Sixth-generation fighter should be ready for operational use from 2035

Design and production will be enabled by the use of digital technology and model-based engineering, allowing joint teams to undertake packages of work across continents and different time zones.

“The digital element opens a new opportunity,” Claesen says. “We can look at the best engineers to do this via a digital environment, rather than fixing it in one location.”

A trinational joint security council has been established to ensure cybersecurity standards as the programme moves from a concept phase into detailed design and production.

In addition to matching their own operational requirements, the GCAP partners are also working from the outset to ensure that their future fighter can attract significant business from the export market.


“The governments have stressed that exportability is absolutely at the core of the programme,” Berthon says. “I’m confident we are making really good progress – we genuinely see a market that is global.

“Countries want to partner – they don’t just want to be customers,” he says of GCAP’s export potential. However, he notes: “making sure it’s a successful programme [for the partner nations] is our top priority”.

While Japan’s constitution currently does not enable defence exports from the country, Iba notes that its two ruling parties have been discussing a potential future change to this stance. “We are confident that we can make this a success,” he says.

The UK has held separate combat air-related discussions with Saudi Arabia, with Berthon noting that the nations have a decades-long relationship in the sector, alluding to products including the English Electric Lightning, Panavia Tornado and Eurofighter Typhoon. However, such discussions are entirely separate to the GCAP effort, he says.

With the programme’s partners now in talks to establish its formal organisational structure and working arrangements, each will need to balance domestic needs against the success of the wider venture. This will provide the sternest test yet for the highly ambitious programme, which is seeking to develop and field an advanced fighter in half the time of previous collaborative types.

Europe’s other sixth-generation fighter activity – a partnership between France, Germany and Spain – encountered a one-year delay to its current phase starting, due to wrangling between industrial giants Dassault Aviation and Airbus Defence & Space. Those involved in GCAP must ensure that they do not cause a similar delay as they define their exact requirements and industrial expectations.

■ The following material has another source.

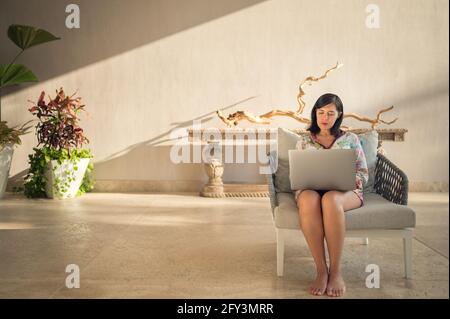 Female freelance worker sitting in a cozy armchair is using a laptop Stock Photo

“I am confident that there is a common need, and requirements that are close enough,” Berthon says. “Across the three countries I see a really robust funding path.”

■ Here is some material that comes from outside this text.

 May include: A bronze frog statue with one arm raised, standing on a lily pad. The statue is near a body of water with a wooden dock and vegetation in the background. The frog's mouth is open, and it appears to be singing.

“There is a full commitment to support and sustain the programme,” says De Martinis, who notes that Rome has allocated funds in its defence budget planning in support of GCAP for the next 15 years. “We need to maintain the programme pace that we have now,” he adds.

“We are pretty sure we can reach a consensus,” De Martinis says of the organisation and workshare aspects. “We are trying to reach the same final result, and we will get there.”